Russia's VAT revenues will be lower than forecast – intelligence

Russia's VAT revenues will be lower than forecast – intelligence

Ukrinform
Starting from January 1, 2026, Russia plans to raise its VAT rate to 22%, which indicates a shortage of budget resources caused by increased military spending and declining export revenues.

According to Ukrinform, the Foreign Intelligence Service of Ukraine reported this on its website.

It is noted that the planned increase in the VAT rate in Russia to 22 % from January 1, 2026, is unlikely to ensure the expected growth in budget revenues. According to estimates, VAT revenues in 2026 will be by $6.1 billion less than predicted by the Russian ministry of finance.

"The tax increase will have a number of side effects. Domestic demand is expected to decline, reducing excise and customs revenues. Higher prices will reduce corporate profits, the wage fund, and tax payments from personal income," the article read.

In addition, lower dividends for private and state shareholders will lead to losses for certain companies, while regional budgets will lose a significant share of their income.

According to the intelligence report, the VAT increase will intensify inflationary pressure and force the Central Bank of the rf to maintain a high policy rate for at least another two quarters.

 This will increase the cost of government borrowing: the ministry of finance will have to issue bonds with higher yields, which will increase debt servicing costs and reduce the net fiscal effect of the reform. The 22 % rate will make Russian VAT one of the highest in the world, surpassed only by Hungary (27 %) and some Northern European countries.
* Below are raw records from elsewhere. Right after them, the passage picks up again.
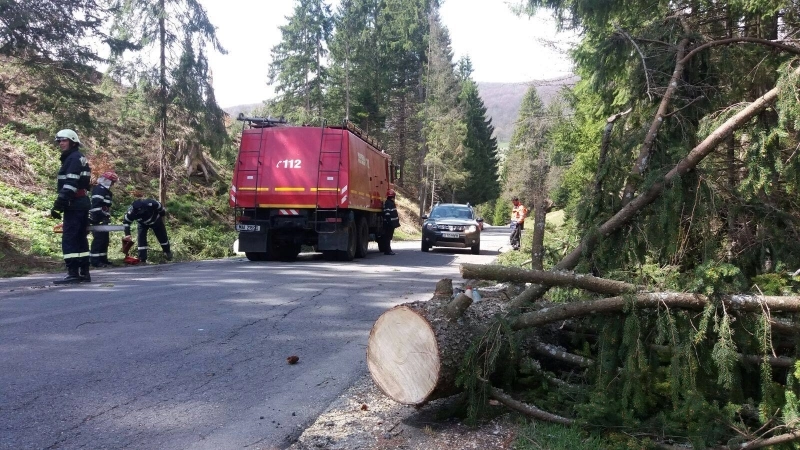vantul-puternic-a-doborat-mai-multi-copaci-la-brasov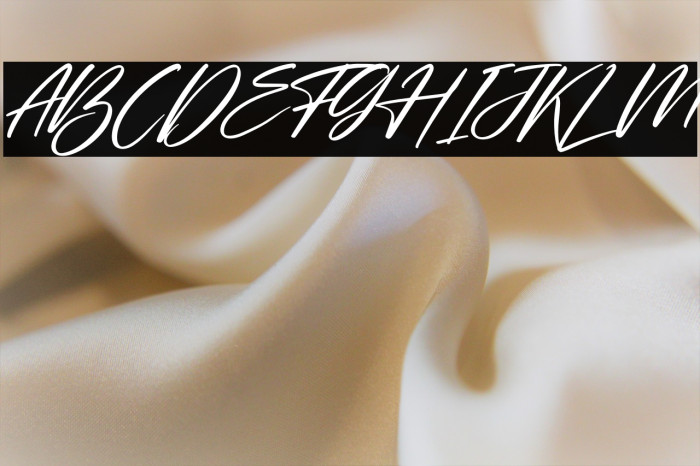 Starlla Italic Example 1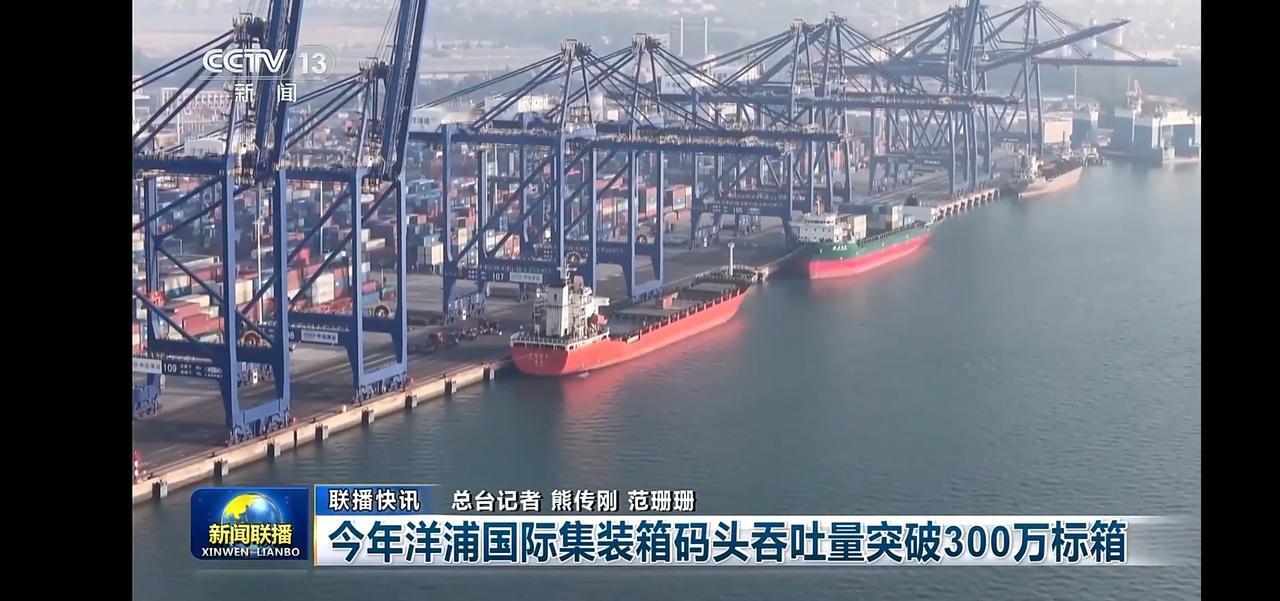 吞吐量突破300万标箱，见证中国港口的繁荣与发展！🚢📦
Read also: United States support EU's plan to use frozen Russian assets for Ukraine – Reuters

"The decision reflects a budget deficit caused by increased military spending and reduced export revenues. As a result, russia will face a further deepening of the economic crisis, an expansion of the shadow economy, and even more expensive loans for businesses and state-owned companies," the article concluded.

As Ukrinform reported, Russia's Central Bank believes that after three quarters of slowing growth, the country's economy may begin to contract by the end of the year.